On Wed, Jul 27, 2022 at 1:38 PM Lai Jiangshan <jiangshanlai@gmail.com> wrote:
>
> On Wed, Jul 27, 2022 at 4:36 AM Valentin Schneider <vschneid@redhat.com> wrote:
> >
> > On 26/07/22 07:30, Tejun Heo wrote:
> > > Hello,
> > >
> > > On Mon, Jul 25, 2022 at 11:21:37AM +0100, Valentin Schneider wrote:
> > >> Hm so my choice of words in the changelog wasn't great - "initial setup"
> > >> can be kernel init, but *also* setup of whatever workload is being deployed
> > >> onto the system.
> > >>
> > >> So you can be having "normal" background activity (I've seen some IRQs end
> > >> up with schedule_work() on isolated CPUs, they're not moved away at boot
> > >> time but rather shortly before launching the latency-sensitive app), some
> > >> preliminary stats collection / setup to make sure the CPU will be quiet
> > >> (e.g. refresh_vm_stats()), and *then* the application starts with
> > >> fresh-but-no-longer-required extra pcpu kworkers assigned to its CPU.
> > >
> > > Ah, I see. I guess we'll need to figure out how to unbind the workers then.
> > >
> >
> > I've been playing with different ways to unbind & wake the workers in a
> > sleepable context, but so far I haven't been happy with any of my
> > experiments.
>
>
> I'm writing code to handle the problems of cpu affinity and prematurely
> waking up of newly created worker.
>
> This work of unbinding the dying worker is also on the list.
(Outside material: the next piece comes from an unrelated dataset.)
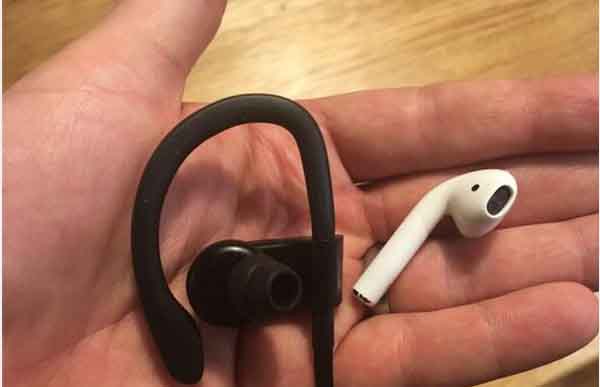 苹果AirPods对比Powerbeats3耳机有什么区别?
> I haven't figured out a good solution.
>
> I was planning to add set_cpus_allowed_ptr_off_rq() which only set
> cpumasks to the task only if it is sleeping and returns -EBUSY otherwise.
> And it is ensured and documented as being usable in an atomic context
> and it is recommended to be used for dying tasks only.
>
> I can't really ensure it would be implemented as I'm expecting since
> it touches scheduler code.
>
> I'd better back off.
>
> >
> > What hasn't changed much between my attempts is transferring to-be-destroyed
> > kworkers from their pool->idle_list to a reaper_list which is walked by
> > *something* that does unbind+wakeup. AFAIA as long as the kworker is off
> > the pool->idle_list we can play with it (i.e. unbind+wake) off the
> > pool->lock.
> >
> > It's the *something* that's annoying to get right, I don't want it to be
> > overly complicated given most users are probably not impacted by what I'm
> > trying to fix, but I'm getting the feeling it should still be a per-pool
> > kthread. I toyed with a single reaper kthread but a central synchronization
> > for all the pools feels like a stupid overhead.
>
> I think fixing it in the workqueue.c is complicated.
>
> Nevertheless, I will also try to fix it inside workqueue only to see
> what will come up.

I'm going to kind of revert 3347fc9f36e7 ("workqueue: destroy worker
directly in the idle timeout handler"), so that we can have a sleepable
destroy_worker().

>
> >
> > If any of that sounds ludicrous please shout, otherwise I'm going to keep
> > tinkering :)
> >
> > > Thanks.
> > >
> > > --
> > > tejun
> >